On Sunday, May 1st, the fifth annual Stand Against Racism workshop took place at the YWCA in Lewiston, ME. This year’s event focused primarily on females of color.
The event began at 12:30 with a keynote address by Shay Stewart-Bouley, the executive director of Community Change, Inc., a 48 year-old Boston-based organization fighting racism. Stewart-Bouley is also the author of the blog, Black Girl in Maine.
Moving from Chicago to Maine in 2002, Stewart-Bouley explained, felt like moving to another planet. What started out as a joke, her blog became a way for her to deal with the frustration she felt on account of her race, gender and geographical location. Living in Saco, Maine, days would pass without her seeing another person of color.
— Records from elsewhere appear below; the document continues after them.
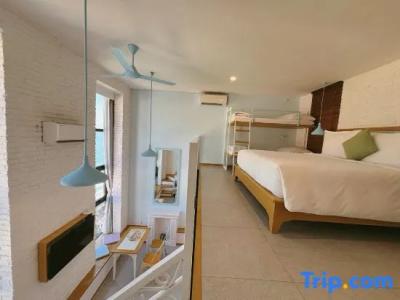 Lief Mila Vung Tau - 66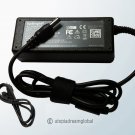 Ac/Dc Adapter For Trilithic 860Dsp 860Dspi 0610162000 Cable Tester Meter Charger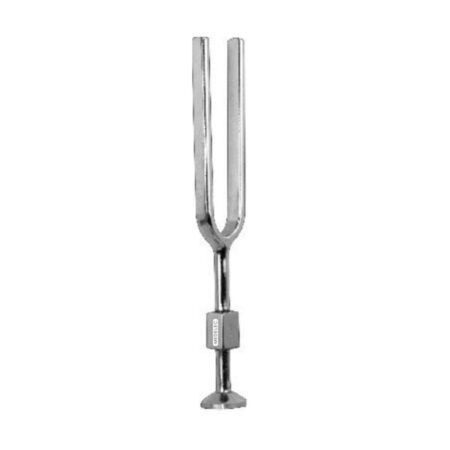 30 GARDINER Tuning Fork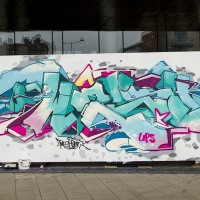 Twesh_HA_3A_UPS_HMNI_Graffiti_Spraydaily_03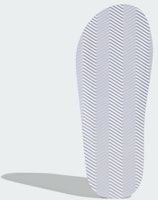 (W) 아디다스 가젤 비치 슬라이드 '클라우드 화이트' JQ7420 Lookbook (W) 아디다스 가젤 비치 슬라이드 '클라우드 화이트' JQ7420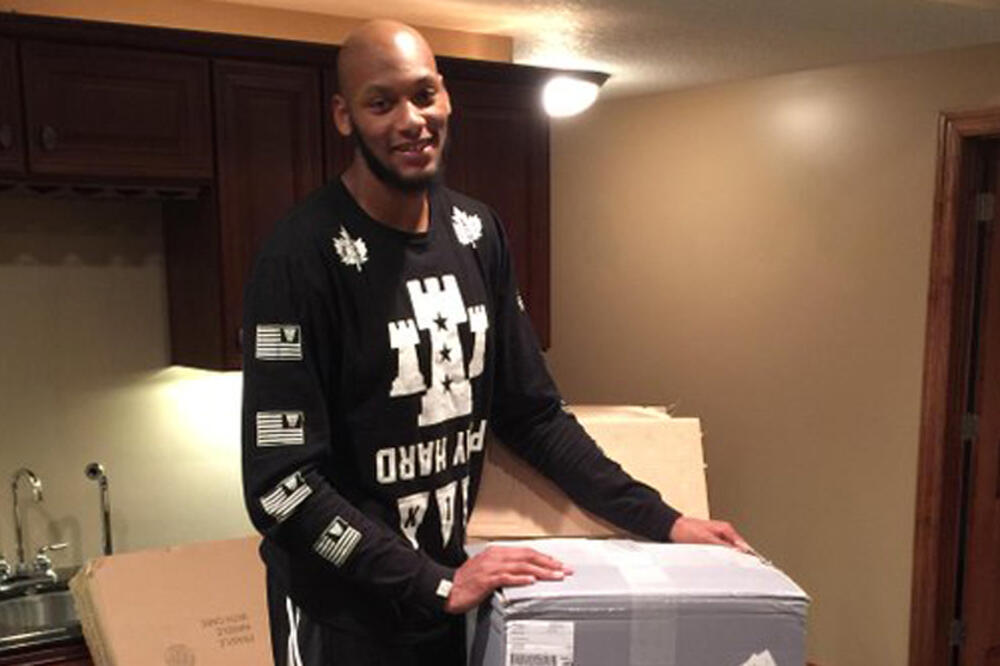 pejn, Foto: Printscreen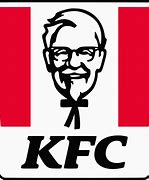 Image result for KFC Logo Font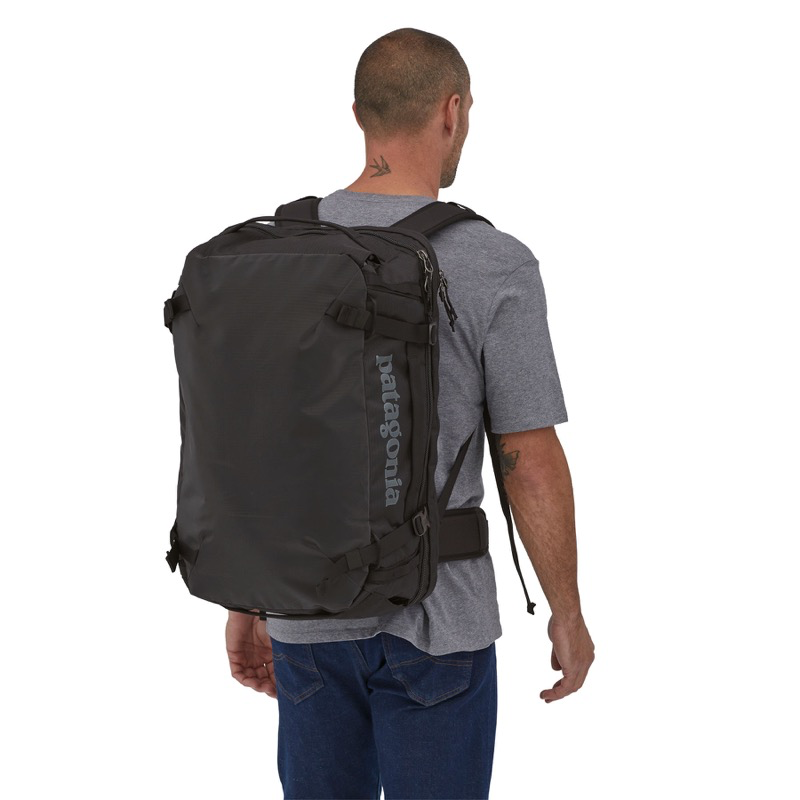 Patagonia 49307 Black Hole MLC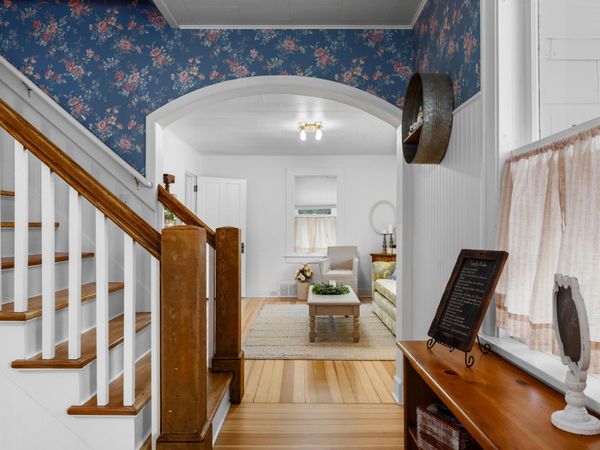 504 Main Street S, Chatfield, MN 55923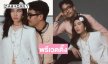 พรีเวดดิ้งมาแล้ว..คู่รักนักร้องหวานๆ ใกล้วันวิวาห์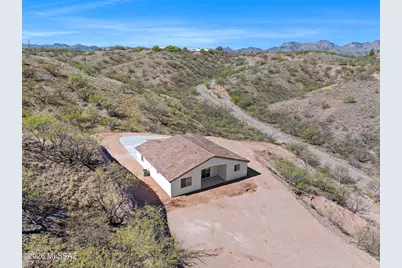979 Calle Amarillo, Rio Rico, AZ 85648 - Photo 37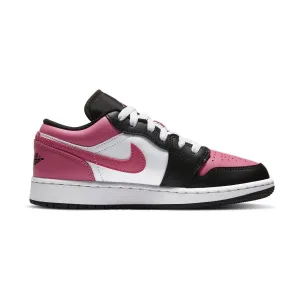 Air Jordan 1 Low Big Kids' Shoe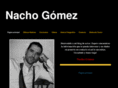 nachogomez.net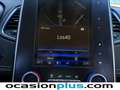 Renault Scenic E-Tech Techno Gran Autonomía 160kW Blanco - thumbnail 28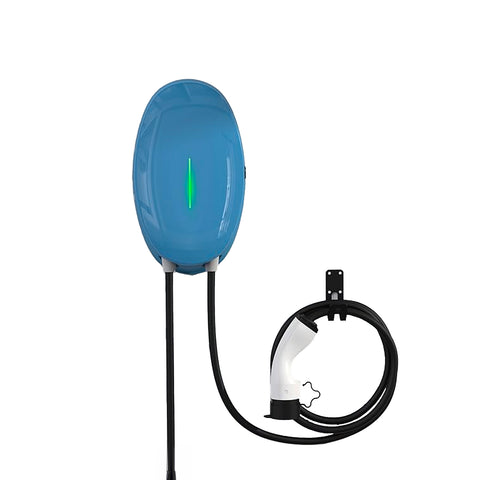 immagine-1-lampa-stazione-di-ricarica-portatile-per-veicoli-elettrici-con-custodia-6-16a-5m-ean-8000692704141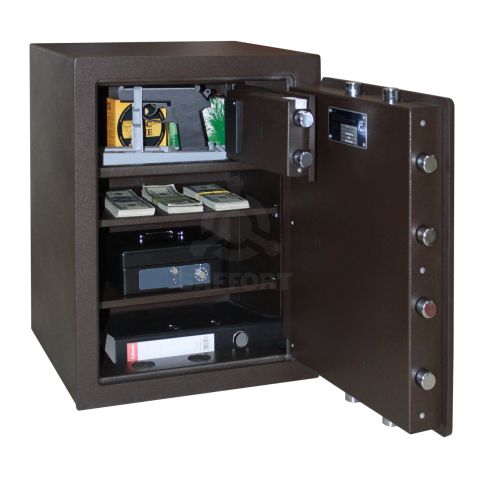 Griffon CLE I 55 T E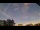 Webcam in Carrum, 680.5 km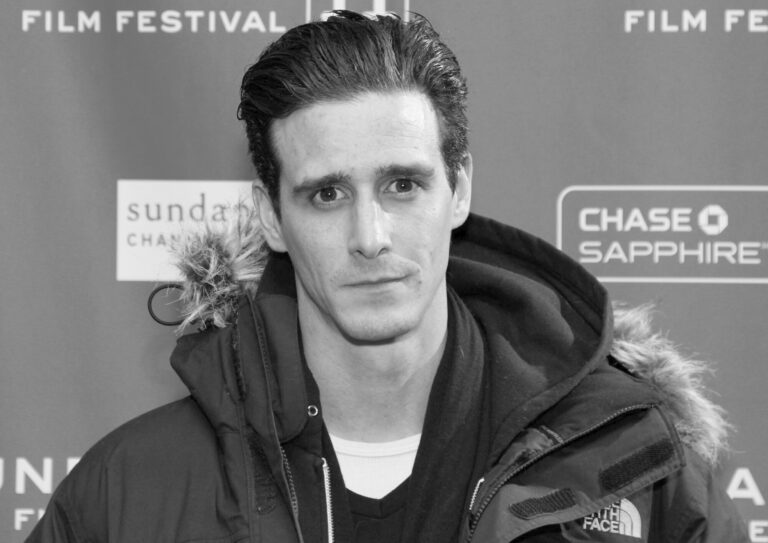 Актер «Прослушки» Джеймс Рэнсон найден мертвым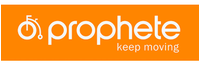 PROPHETE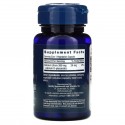 Life Extension, 칼슘 D-글루카레이트, 200 mg, 60 베지 캡슐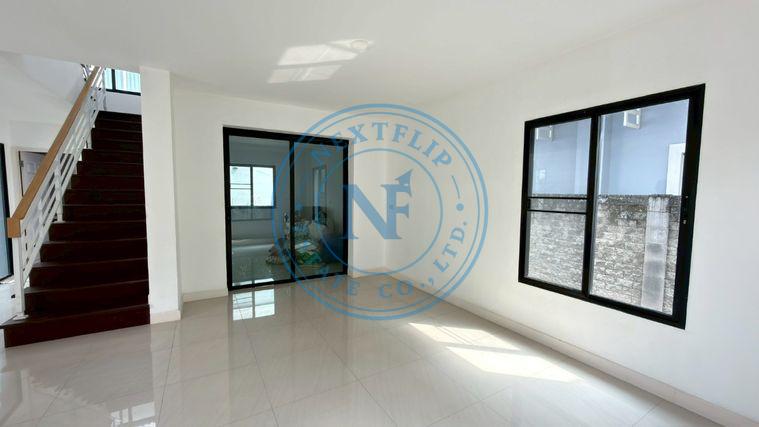 picture Sky Donmueang – Songprapha for rent - 5/37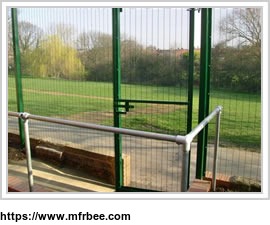 perimeter_fencing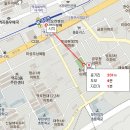 양지-3114 이미지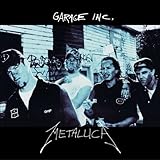 Garage Inc-3lp [Vinyl LP]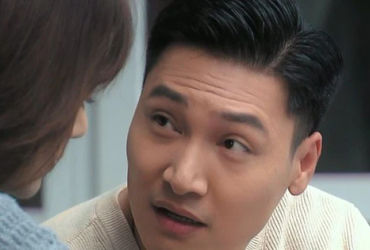 Những Bước Đột Phá Để Thay Đổi Hình Ảnh Nghệ Sĩ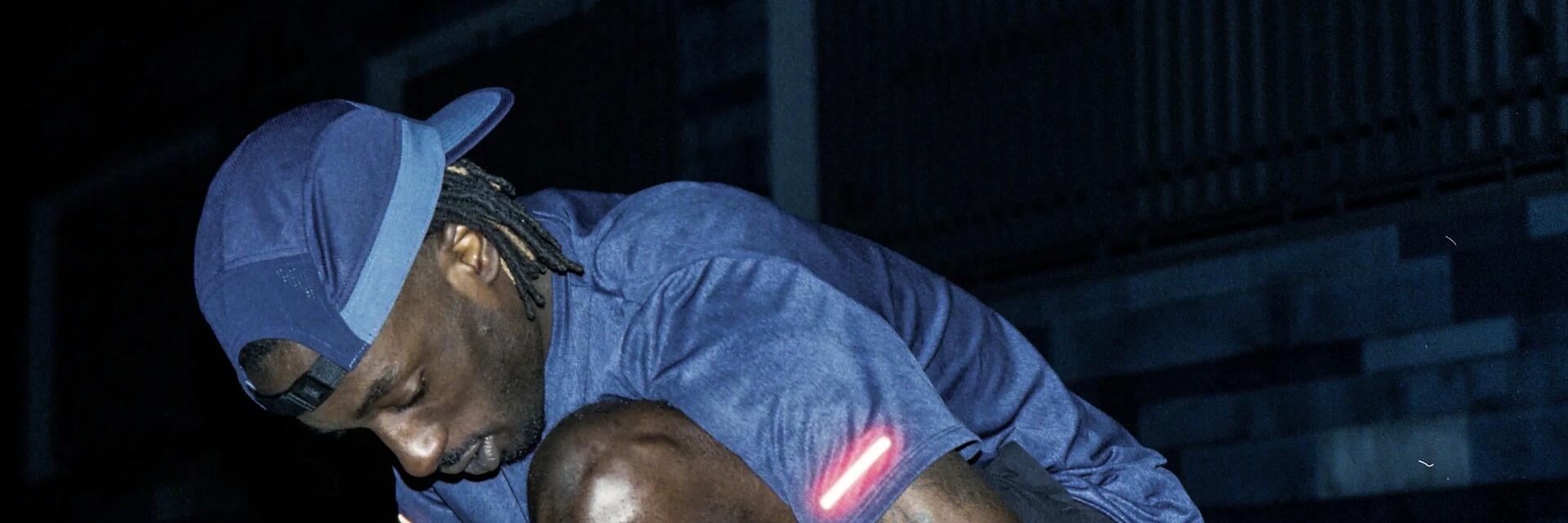 courirdenuit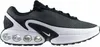 Schuhe Nike Air Max DN DV3337003 Produktbild-Vorschau 1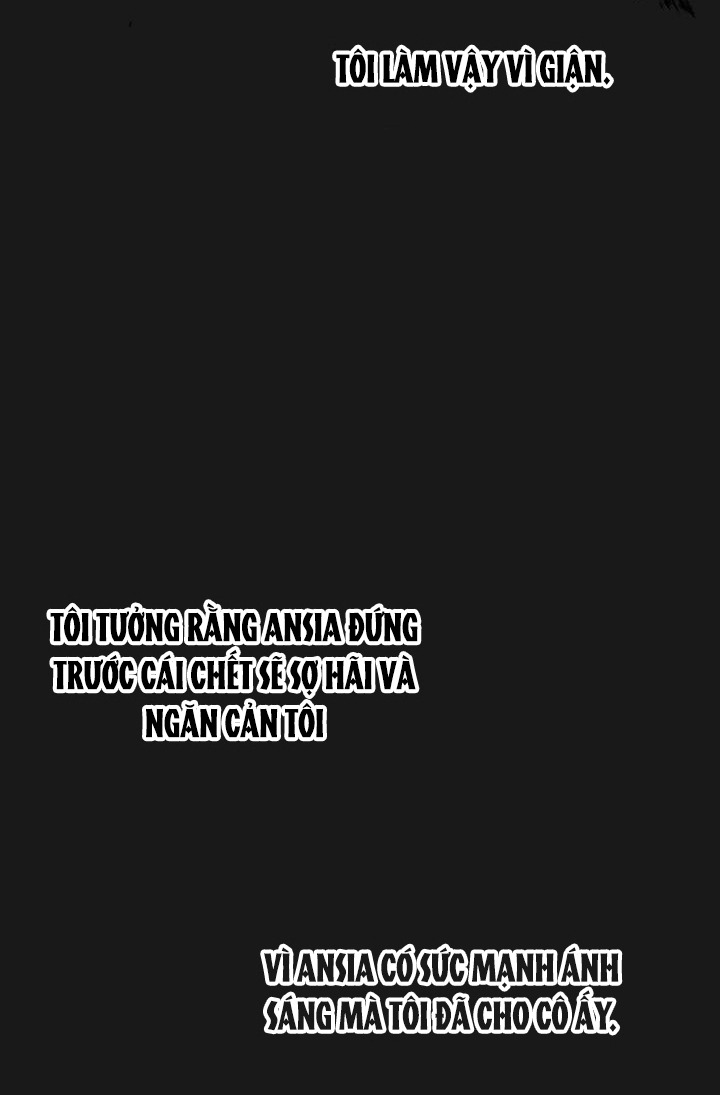 trở thành vợ thái tử quái vật chapter 93.2 35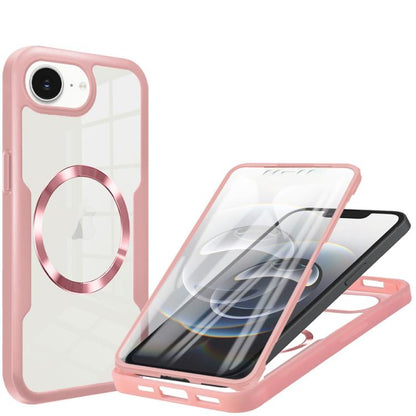 CD Texture MagSafe Phone Case, For iPhone 17e / 16e, For iPhone 17 Pro Max, For iPhone 17 Pro, For iPhone 16 Pro Max
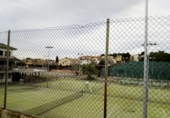 Sòl urbà en venda a la España, Calafell, ref.: TR124824 foto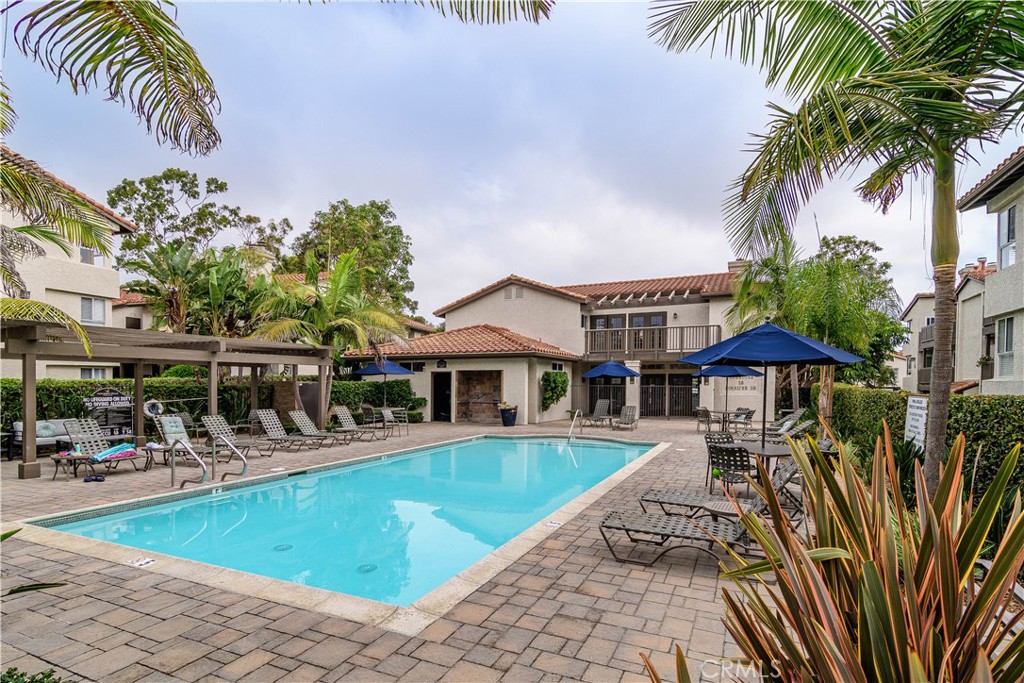 14 Corniche #a Property Photo 46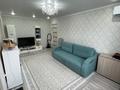 4-бөлмелі пәтер · 61 м² · 5/5 қабат, мкр 5 168 — Перекрёсток Есет батыра-Малая Алия, бағасы: 21 млн ₸ в Актобе — фото 2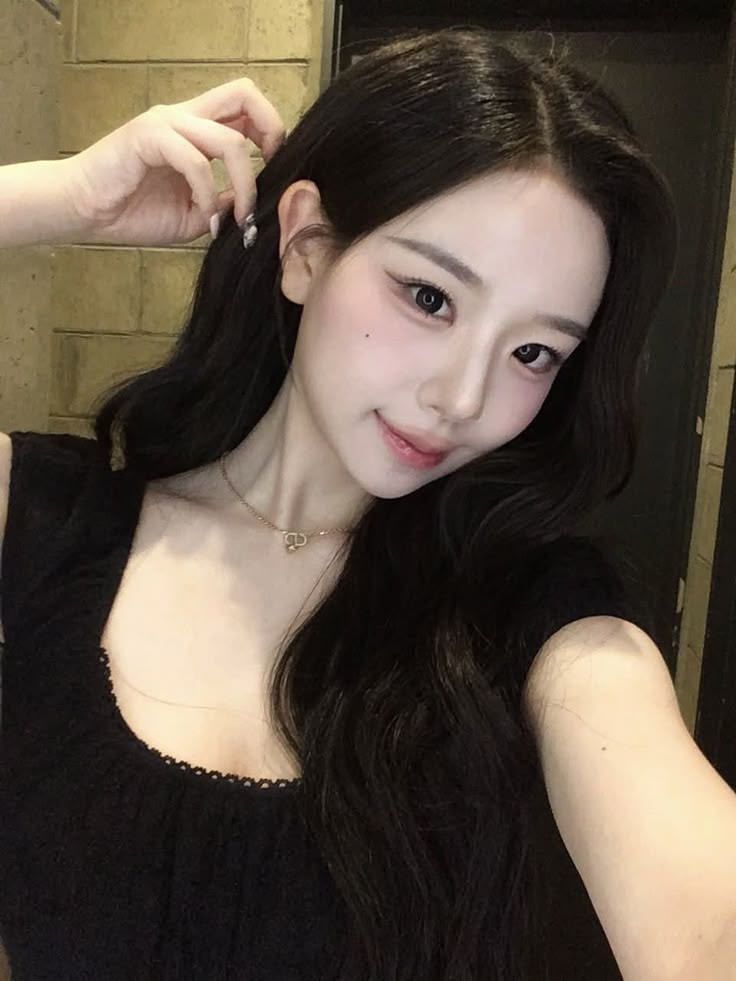 입덕 200일차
Stewart-Bouley started her address with two sobering statistics: black girls are suspended six-times more often than white girls are and black boys are suspended three times more often than white boys are. Although there is clearly still racial inequity in this country, Stewart-Bouley explained that many people do not have the language to talk about race and racism. She feels that the intersection between race and gender is imperative to discuss and that girls and women of color face very different realities than other groups do.
Following her short introduction, Stewart-Bouley sat down alongside a group of Lewiston High School’s 21st Century Leaders and engaged in a moderated discussion. The 21st Century Leaders is a fifty-student group that meets weekly to develop leadership skills and to mentor elementary students at Lewiston’s Longley Elementary School. This year the group also conducted a year long research project on school disciplinary policies in the Lewiston School District, urging the administration to move from punitive policies to more restorative practices.
The 21st Century Leaders on the panel were all black Muslim girls. Throughout the discussion, which consisted of a question-and-answer dialogue within the panel and with the audience, the girls revealed their experiences with racism. One such anecdote a student disclosed occurred when she was walking down a Lewiston street, minding her own business, when a white adult male yelled at her to “go back to her country.” Other girls said that people are skeptical when they say they are from Lewiston, even though they were born here.
Another powerful and emotional incident was one that Stewart-Bouley herself recounted. She was in the car driving at night in Chicago with her then husband, a white man. They were pulled over by a cop, which she assumed was for random inspection. But, it soon became clear to her that the policeman had other assumptions. He thought she was a sex worker, even after her husband introduced her as his wife. This event profoundly changed the way she saw herself, and still affects her more than twenty years later. She feels self-conscious about what she wears and how she presents herself, trying hard not to live up to stereotypes. This incident even affects how she parents her daughter.
When asked whether racism is based on one’s culture or color, Stewart-Bouley replied that racism is based on a culture of discrimination. According to her, there is a dominant culture in this country that black people are just not a part of.
The girls also asked Stewart-Bouley what she thinks they should do if they experience racism in school. She said “no one has to fix a problem they did not create.” She then explained that every teacher in Maine should have anti-racism training so that they are adept at handling those types of situations. Applause erupted. And after the keynote address and the moderated discussion, Stewart-Bouley received a standing ovation.
At 1:30 p.m., workshops were led by the Neighborhood Housing League, the Lewiston High School (LHS) Civil Rights Team, the LHS 21st Century Leaders and the Southern Maine Workers’ Center. They presented on such topics as racial justice and its relation to housing conditions, the school to prison pipeline, access testing, and redistricting. Another workshop discussed the role of white people in creating an anti-racist future and another allowed participants to interact with members of the Muslim community and to try on a hijab.
The day ended with an anti-racism march through the neighborhood and an official stand in front of the YWCA.
In closing, Stewart-Bouley addressed white people specifically: “You have to do this [anti-racism] work in your own communities and be relentless in that work.”